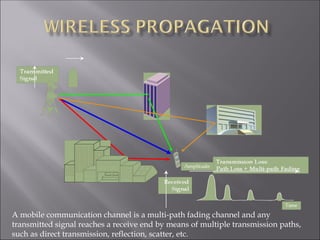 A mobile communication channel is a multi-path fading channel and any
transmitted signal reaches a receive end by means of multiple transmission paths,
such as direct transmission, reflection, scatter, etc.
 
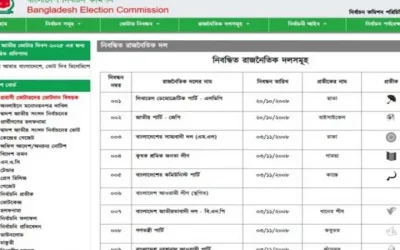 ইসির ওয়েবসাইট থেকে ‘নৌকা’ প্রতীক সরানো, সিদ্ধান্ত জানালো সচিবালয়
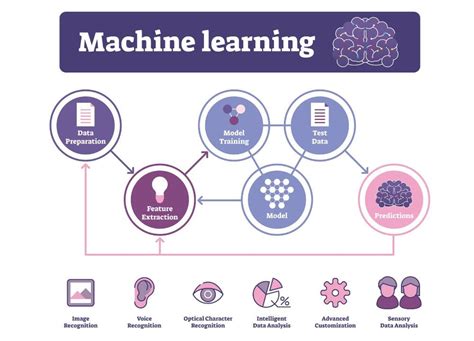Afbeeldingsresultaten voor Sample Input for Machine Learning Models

...

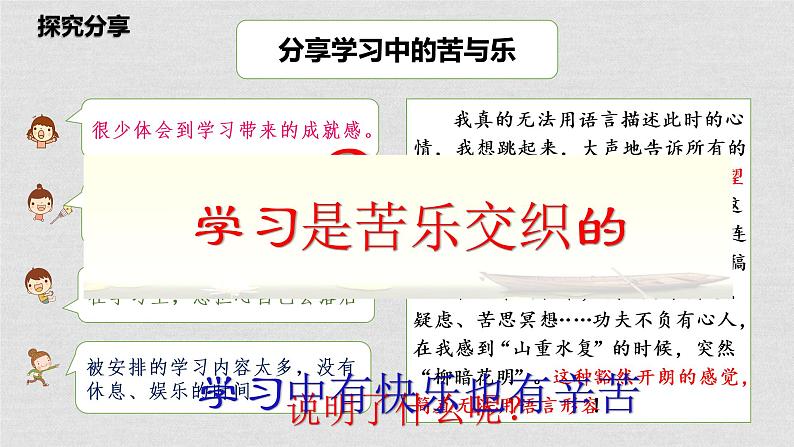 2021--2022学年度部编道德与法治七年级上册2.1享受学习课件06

== Action item ==
Above are records; write out the lines from the one with "such as direct" down to the one with "Afbeeldingsresultaten voor Sample", exactly, leaving the pictures out.

== Output below ==
such as direct transmission, reflection, scatter, etc.
 
 ইসির ওয়েবসাইট থেকে ‘নৌকা’ প্রতীক সরানো, সিদ্ধান্ত জানালো সচিবালয়
Afbeeldingsresultaten voor Sample Input for Machine Learning Models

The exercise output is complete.